Don’t wait for the regulator – here’s how to avoid being ripped off on fund fees

The UK’s financial sector watchdog, the Financial Conduct Authority (FCA), has just published the results of a review into the fund management business.

I won’t say it’s a right riveting read, but it does – yet again – make some highly pertinent points about the financial industry overcharging left, right and centre. And this time it indicates more clearly what the regulator plans to do about it.

Of course, it will still take quite a while to put the recommendations into place.

The good news is that you don’t have to wait. You can quite easily avoid the worst rip-offs in the City already.

Here’s how…

Asset managers make too much money

We’ll be writing in more detail about the FCA’s latest criticism of the asset management industry (it’s the Asset Management Market Study if you want to read it firsthand). But if you’ve been reading MoneyWeek or Money Morning for any length of time, you’ll be familiar with the biggest issues.

Simply put, asset managers make too much money for the FCA’s liking. Competition is meant to drive down prices and drive up quality. Instead, investors are being charged the same high prices they were a decade ago (annual fees have averaged about 1.6% for ages and show no sign of coming down).

Asset managers’ profit margins have averaged 36% over the past six years. That’s a nice business to be in. Those margins shoudn’t really be sustainable if competition is working in the sector.

So what does the FCA want to do about it? One reason that prices haven’t come down is a lack of transparency about what funds actually cost. So the FCA wants a single all-in fee, so it’s clear to investors what they are being charged, and easier to compare prices between funds.

This all-in fee would include things such as trading costs, which aren’t currently included in the usual numbers you see quoted for funds.

This sounds like a sensible idea. An added bonus is that if trading costs have to come out of a fixed fee, then there’s likely to be less trading. That would be an improvement, as it makes managers take a longer-term view.

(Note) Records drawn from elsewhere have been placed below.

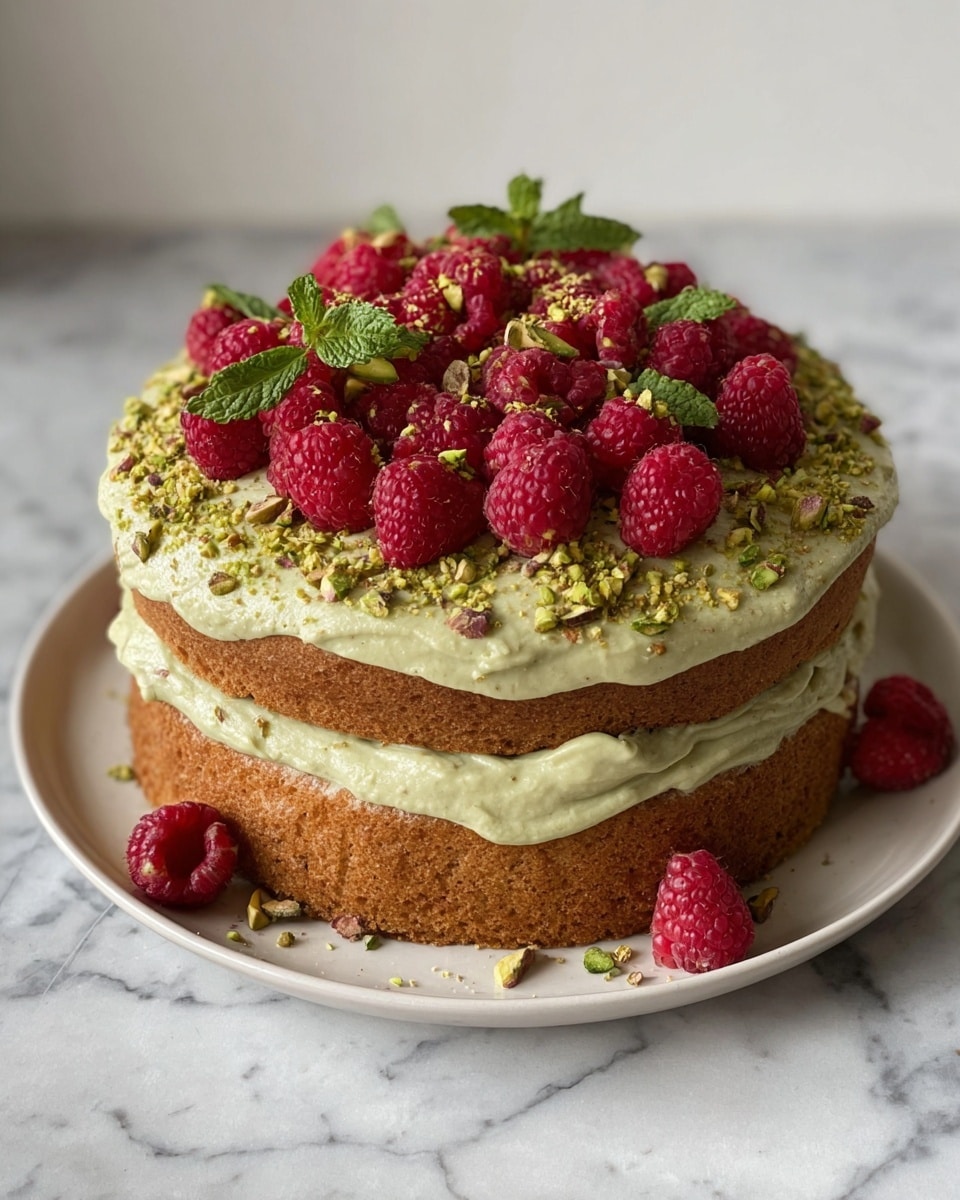 A two-layer cake sits on a white plate over a white marbled surface. The bottom layer is a light brown cake with a thick, creamy pale green frosting spread on top, which is decorated with fresh red raspberries and small green mint leaves. The second layer is placed on top and also light brown, with the same green frosting generously spread on top and sprinkled with chopped pistachios, more raspberries, and mint leaves, giving a textured and fresh look. Photo taken with an iphone --ar 4:5 --v 7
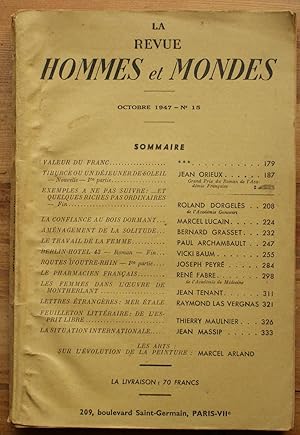 Image du vendeur pour La revue Hommes et Mondes - Octobre 1947 - N 15 mis en vente par Aberbroc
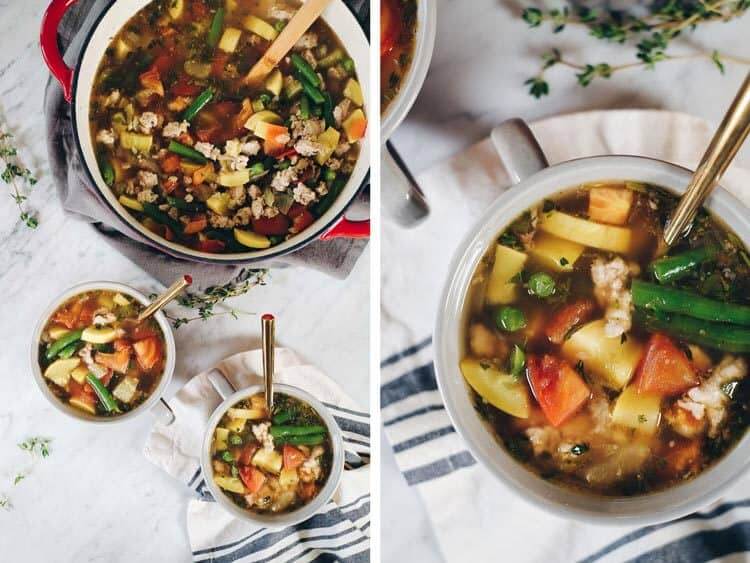 The abundance of summer produce inspired this Paleo and Whole30 turkey and summer vegetable soup. It's the perfect way to use up your garden fresh veggies! Filled with onion, celery, garlic, herbs, tomatoes and summer squash. Paleo + Whole30 | realsimplegood.com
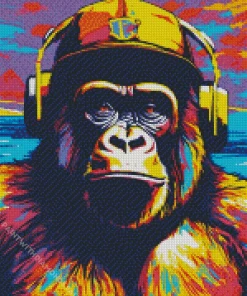 Dj Monkey With A Hat Diamond Painting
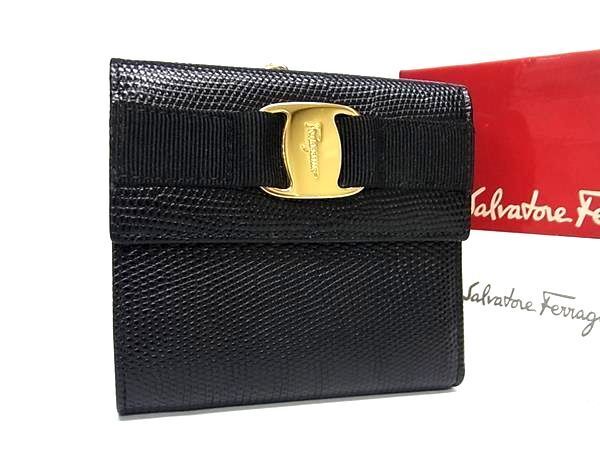 1円 ■極美品■ Salvatore Ferragamo フェラガモ ヴァラ リザード型押しレザー がま口 三つ折り 財布 ウォレット ブラック系 AW1931の画像1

Of course, all of this will take a while to put in to place, and there’s plenty of room for dilution in the meantime. And some people think the reforms don’t go far enough. Certainly, the impact on the share prices of asset managers was muted, which shows that the market felt the review was no tougher than expected.

The good news is that you don’t have to wait for the FCA to do anything. All of the solutions to the problems of active management already exist for private investors like you and me.

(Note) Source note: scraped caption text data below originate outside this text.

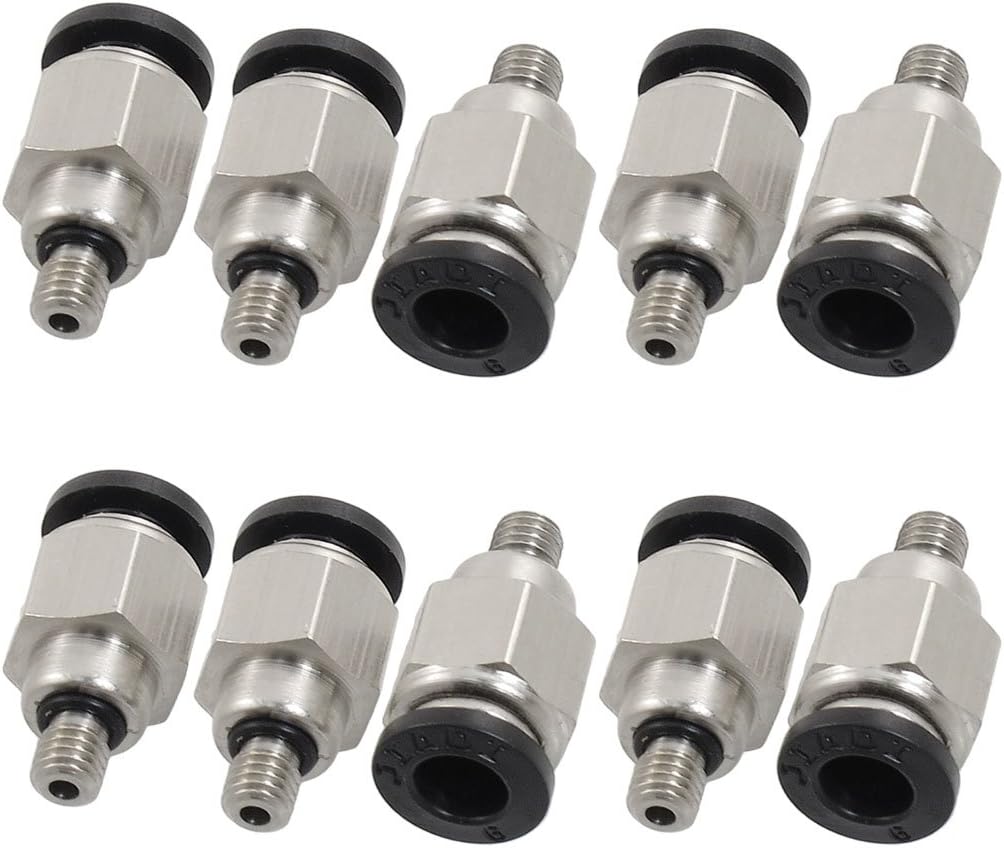10 Pcs M5 Male Thread 6mm Push In Joint Pneumatic Connector Quick Fittings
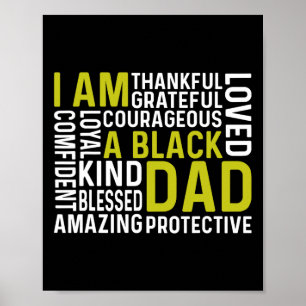 Am A Black Dad Funny Fathers Day African American Poster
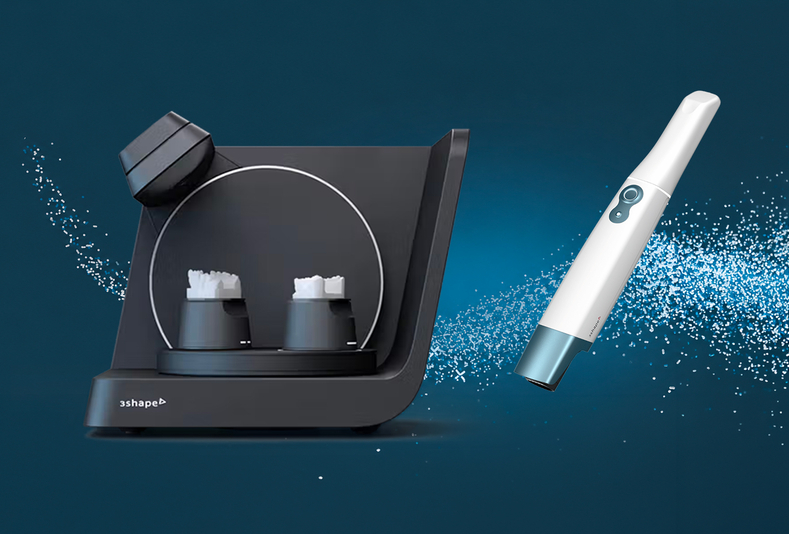scanner da banco e scanner intraorale con sfondo blu e scia di particelle luminose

How not to get ripped off by the City

The obvious one in terms of keeping costs low is to use passive funds where suitable. Remember, a passive fund simply tracks an underlying market index. It will deliver you the return on the index, less costs. The costs are much lower than a similar active fund, which tries to beat the index but often fails to do so.

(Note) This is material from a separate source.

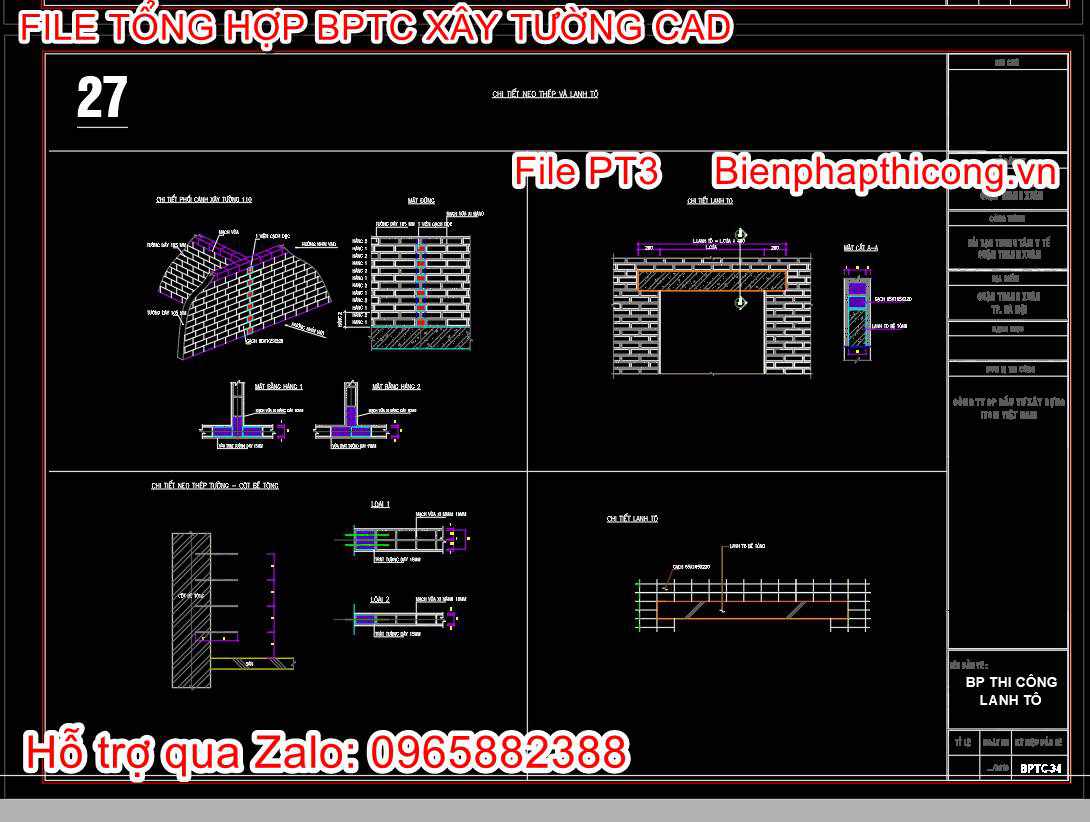 Chi tiết neo thép và lanh tô cad.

Sometimes, it’s a bad idea to buy a passive fund. For example, when a market is rampantly overpriced, then I wouldn’t be keen to invest in it using a passive fund. However, I wouldn’t use an active fund to invest in a rampantly overpriced market either. I just wouldn’t invest in that particular market at all.

However, if you find a market that’s cheap and that you want to invest in, then a passive fund should usually be the first thing you consider. If the market goes up, your tracker will go up, too. If you buy an active fund instead, there’s no guarantee that it will prosper just because the wider index does.

Also, costs are the one thing you have control over as an investor. So keeping them as low as possible should be one of your priorities. Passive funds are generally a lot cheaper than active funds.

So, that’s passive funds. If you’re looking for an active option – you think you’ve found an attractive strategy, headed up by a high-conviction manager, for example – then my first port of call would be investment trusts. These are, in effect, actively managed funds that are listed on the stockmarket. You buy and sell shares in the investment trust as you would buy and sell shares in any listed company.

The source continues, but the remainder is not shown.